- WHAT YOU NEED TO DO -
Go through the listing below and write out exactly the lines from the one that mentions "Chalka dough doubled" through the one that mentions "An apartment building", minus the pictures.

- MATERIAL PROVIDED -
+ + + + + + +

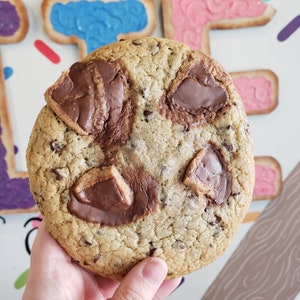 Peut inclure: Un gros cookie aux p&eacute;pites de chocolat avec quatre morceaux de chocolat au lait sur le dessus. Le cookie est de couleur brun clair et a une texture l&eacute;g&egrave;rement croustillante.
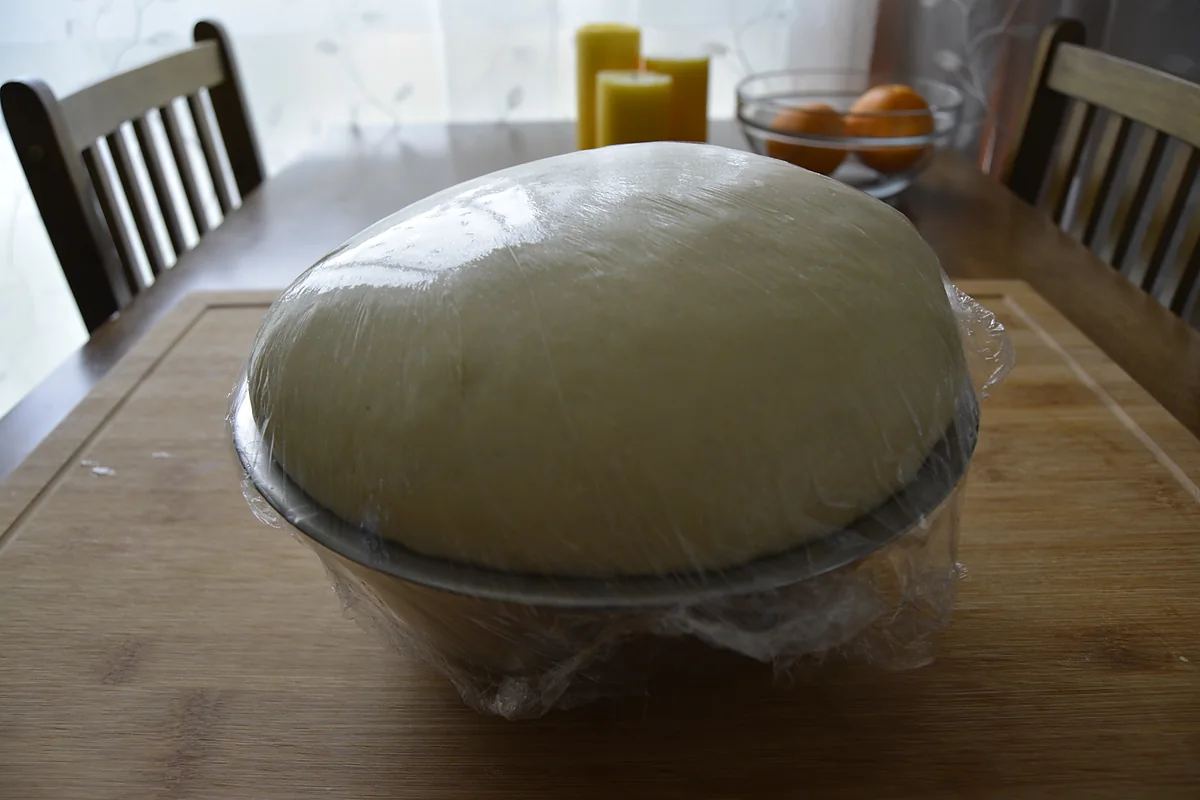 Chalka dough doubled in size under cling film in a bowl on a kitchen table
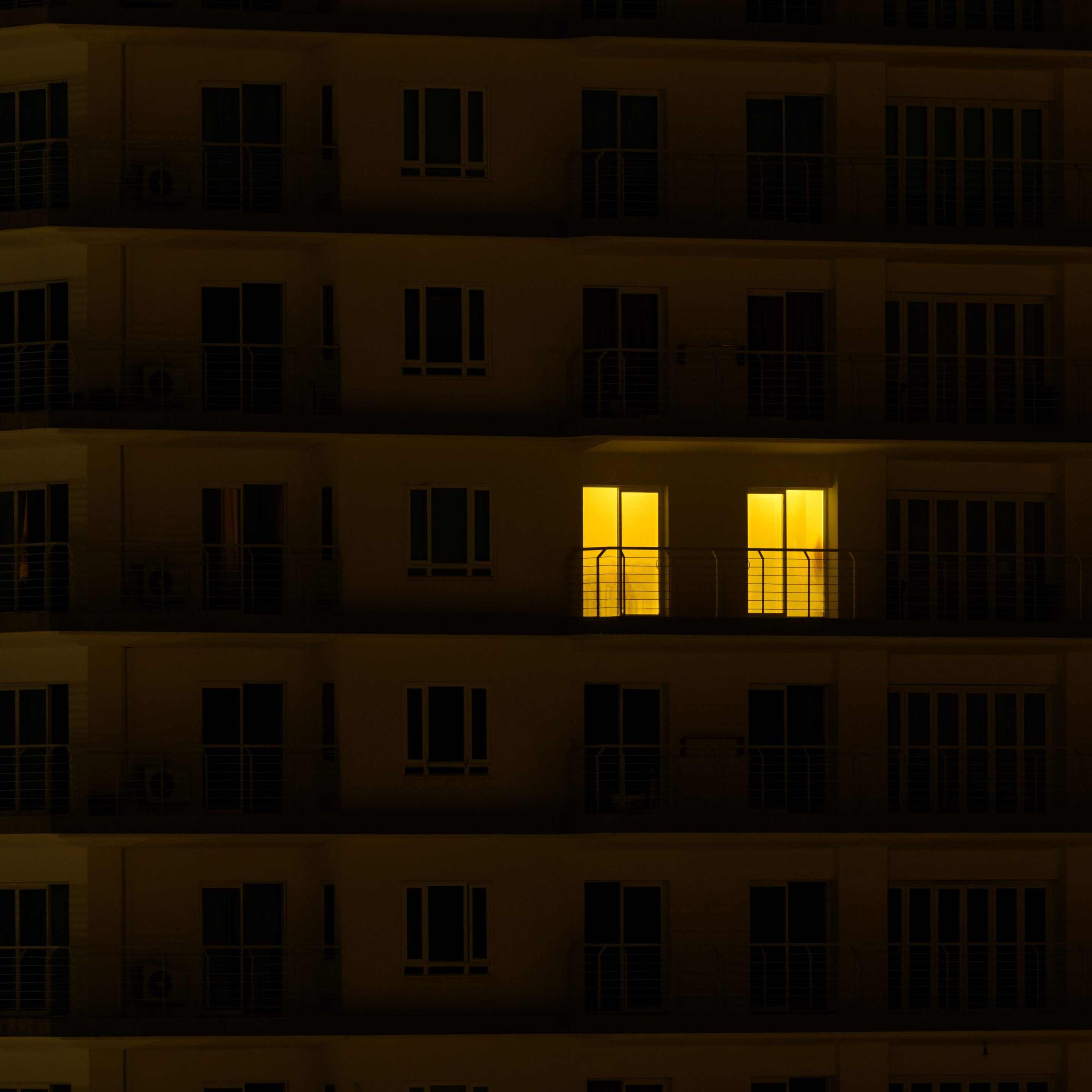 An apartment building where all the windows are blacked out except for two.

+ + + + + + +

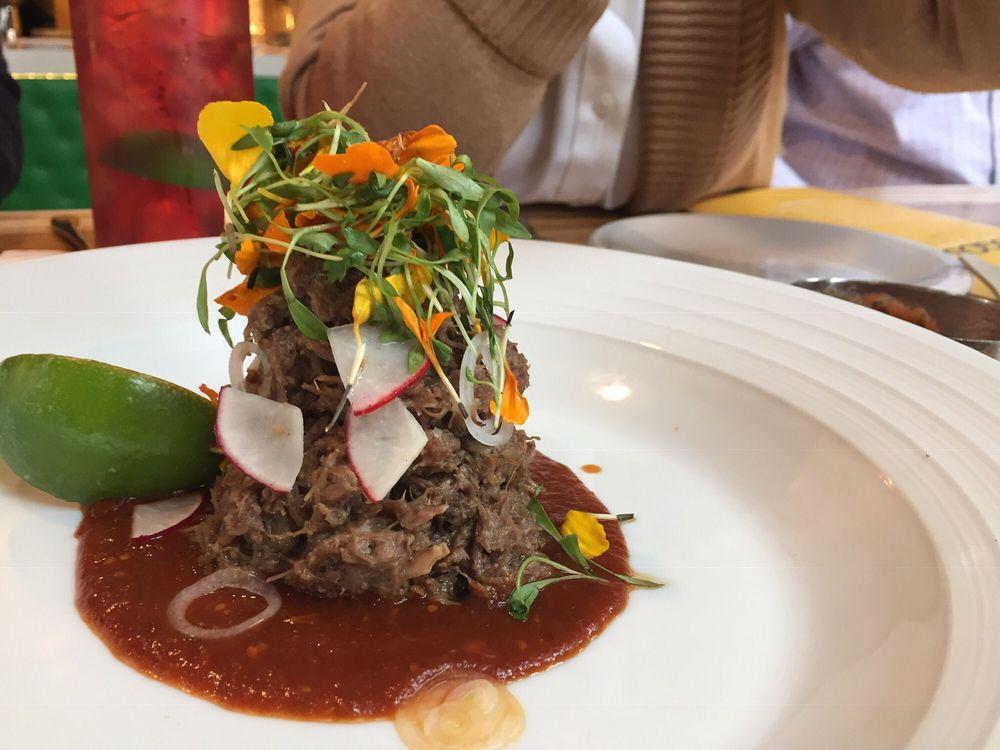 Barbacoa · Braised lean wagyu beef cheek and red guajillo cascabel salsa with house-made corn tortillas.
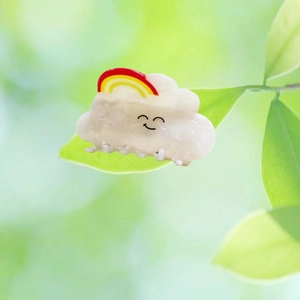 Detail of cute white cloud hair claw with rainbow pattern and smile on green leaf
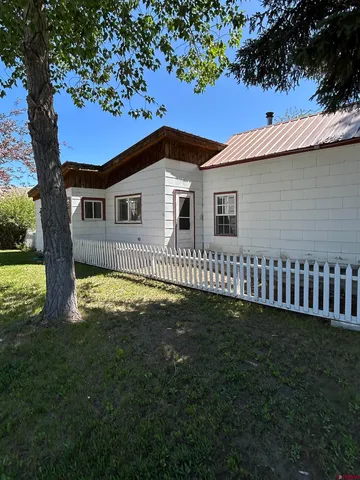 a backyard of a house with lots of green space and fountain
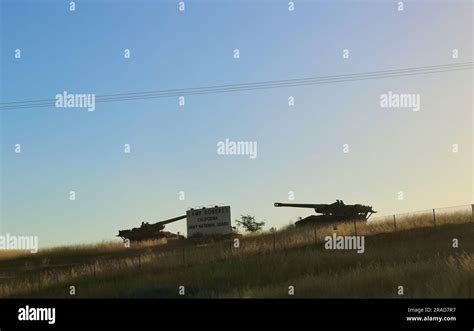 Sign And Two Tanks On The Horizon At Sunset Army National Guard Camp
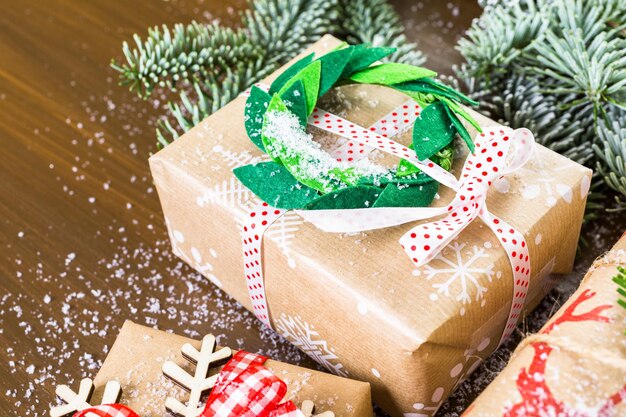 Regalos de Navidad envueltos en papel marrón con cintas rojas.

+ + + + + + +

- ANSWER FOR THE TASK -
 Chalka dough doubled in size under cling film in a bowl on a kitchen table
 An apartment building where all the windows are blacked out except for two.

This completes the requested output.